___ Extracted data ___
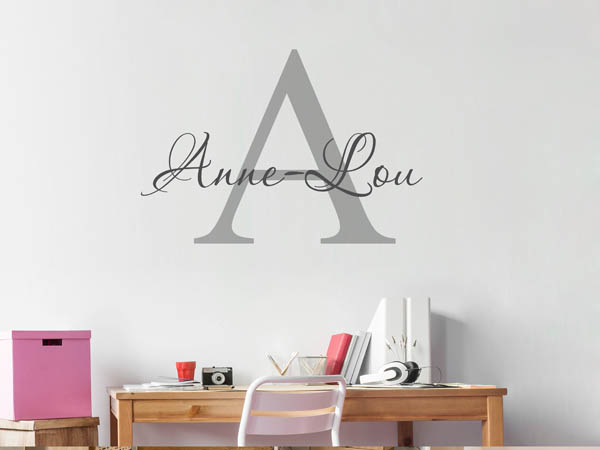 Wandtattoo Anne-Lou
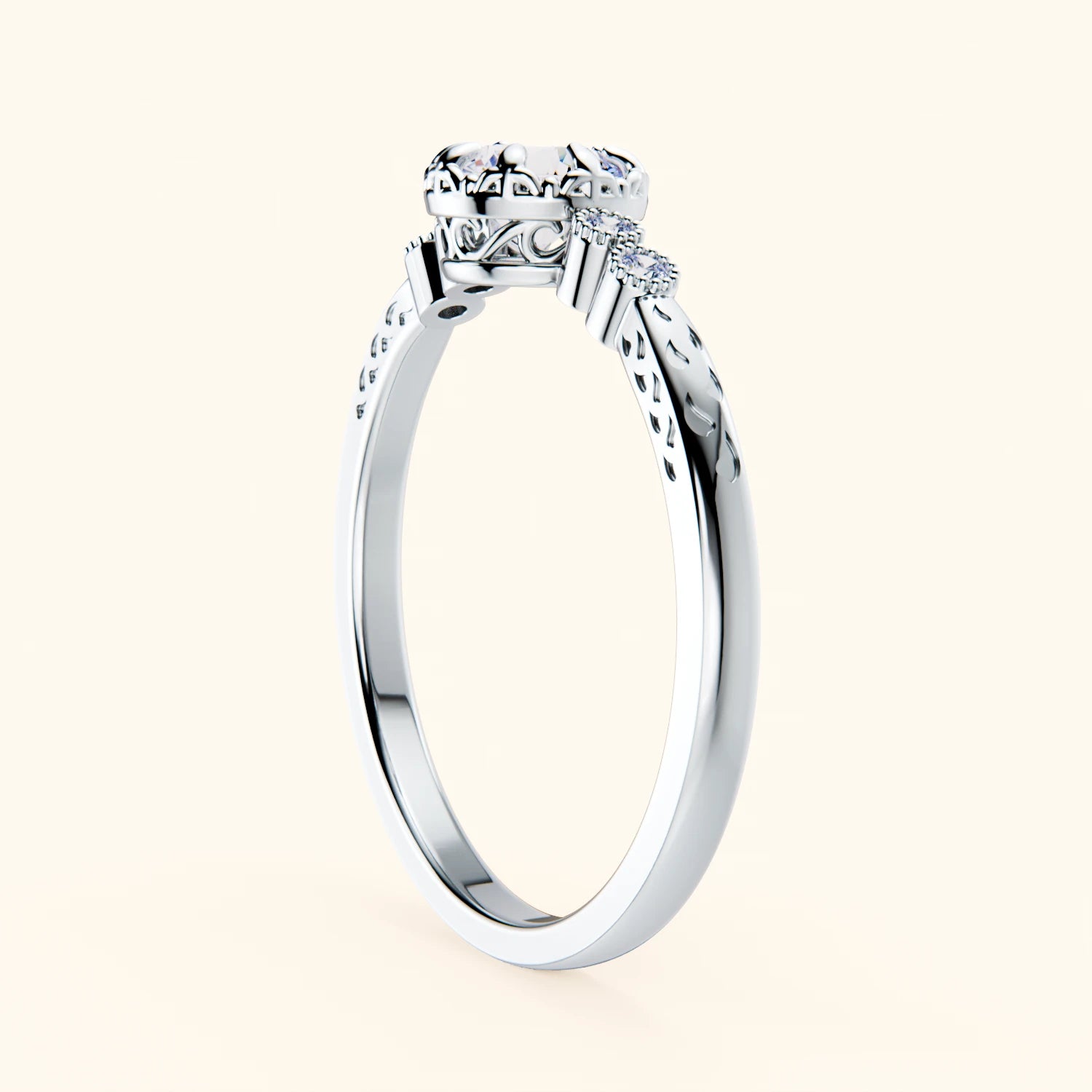 14kt White Gold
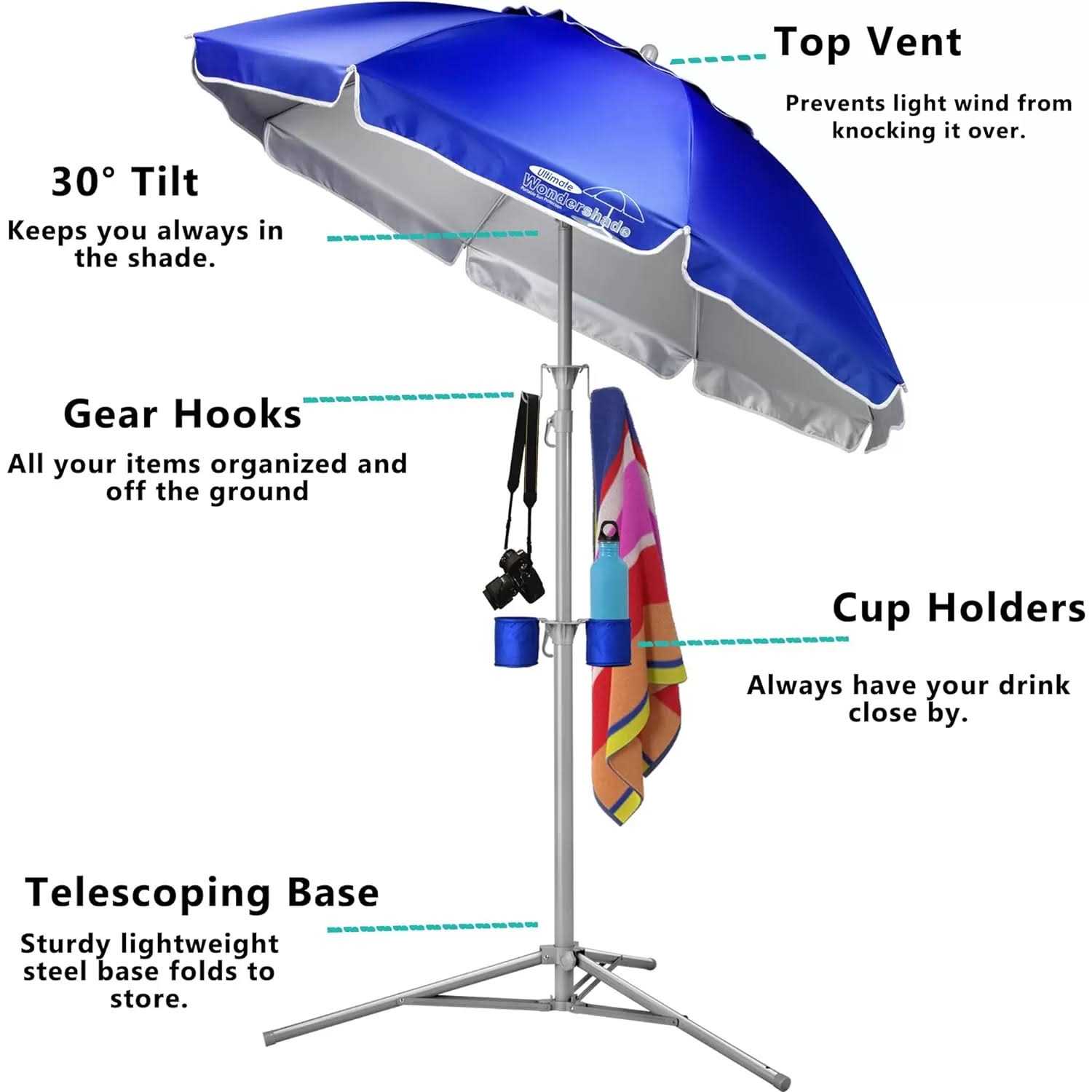 Wondershade Ultimate Portable Sun Shade Umbrella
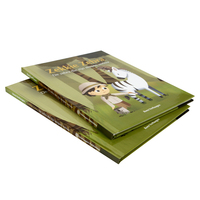 Services d'impression de livres pour enfants personnalisés d'usine d'impression livres à couverture rigide avec livre de lecture à bord pulvérisé peint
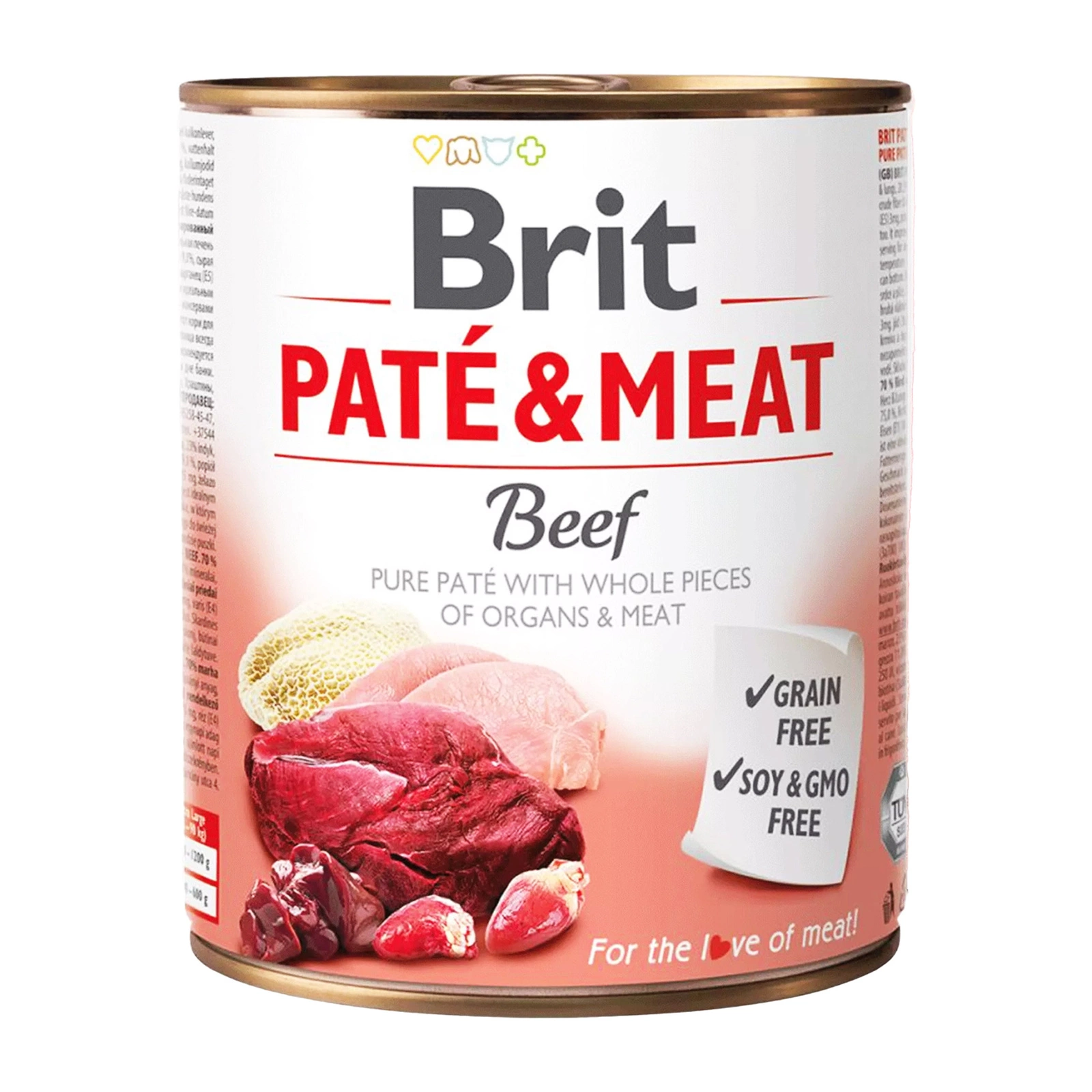 Brit Pate & Meat wołowina 800 g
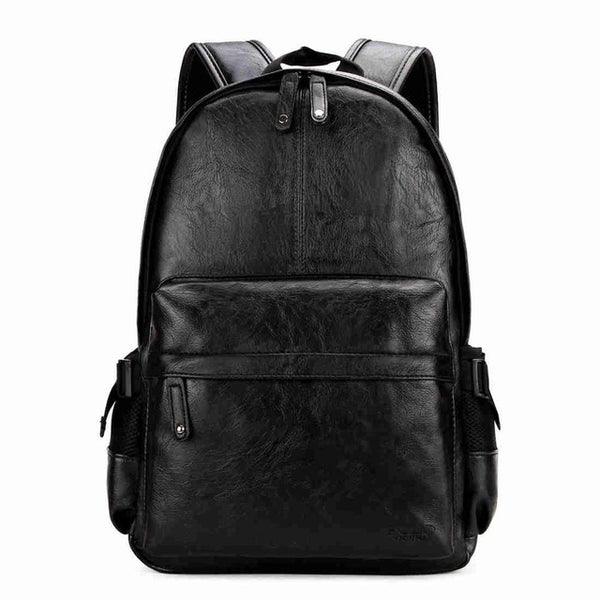 Eloquent Style Leather Backpack
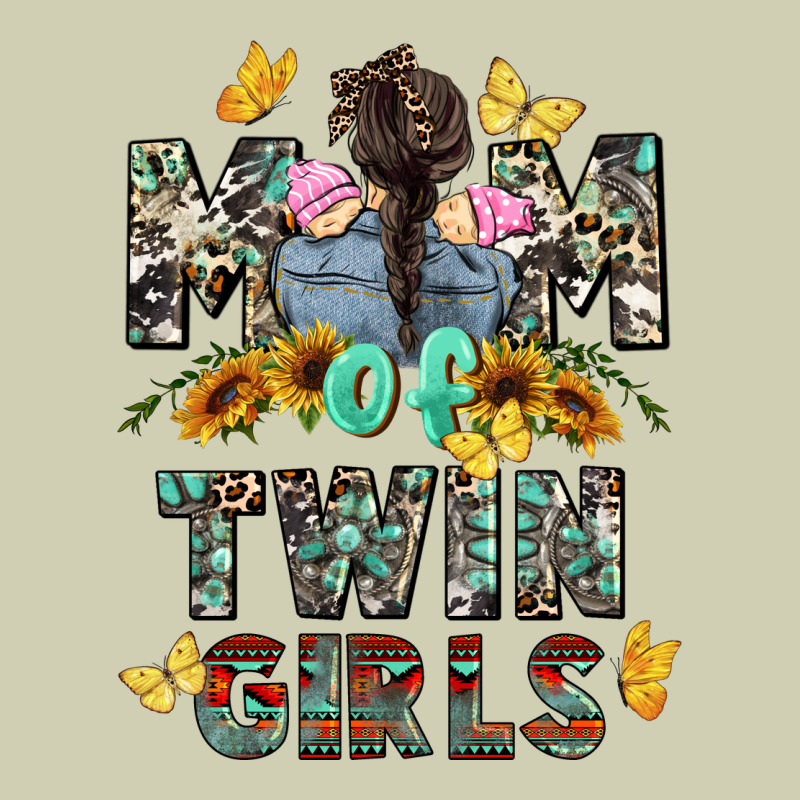 Mom Of Twin Girls Mother's Day Heavy Core Tee by CowGirlArtShop | Teevron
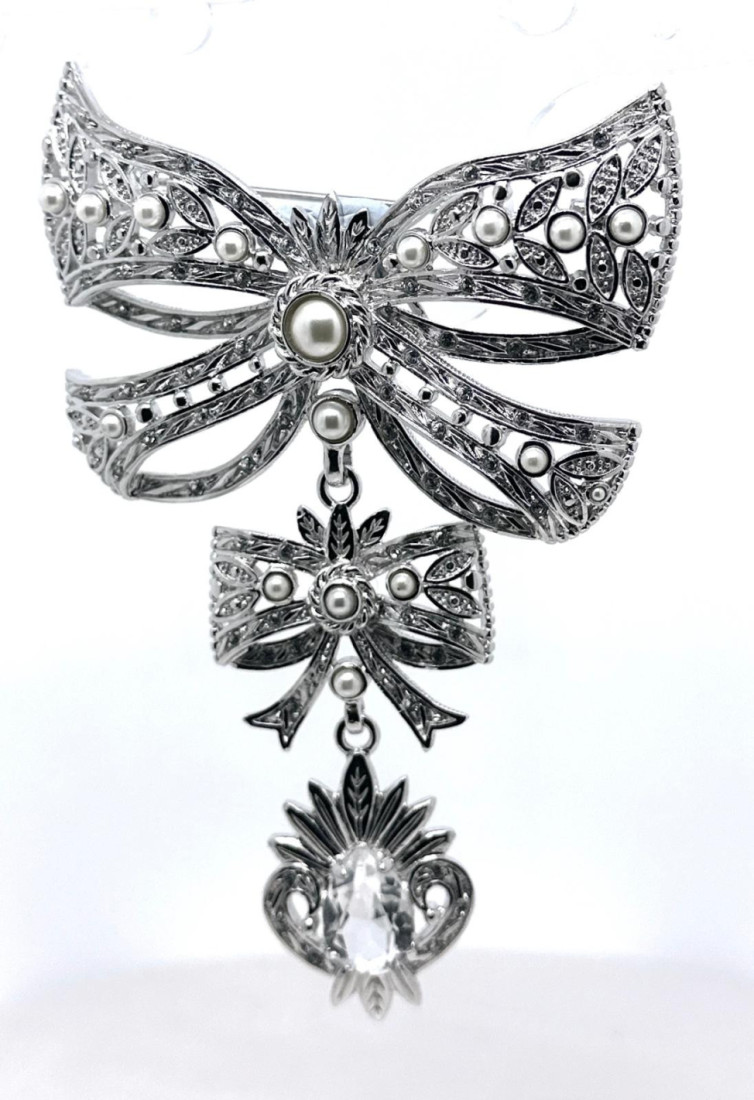 Broche lazo perla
___
> _Activity_: Reproduce the data above exactly, leaving each picture out.

> _Exercise response_:
 Wandtattoo Anne-Lou
 14kt White Gold
 Wondershade Ultimate Portable Sun Shade Umbrella
 Services d'impression de livres pour enfants personnalisés d'usine d'impression livres à couverture rigide avec livre de lecture à bord pulvérisé peint
 Brit Pate & Meat wołowina 800 g
 Eloquent Style Leather Backpack
 Mom Of Twin Girls Mother's Day Heavy Core Tee by CowGirlArtShop | Teevron
 Broche lazo perla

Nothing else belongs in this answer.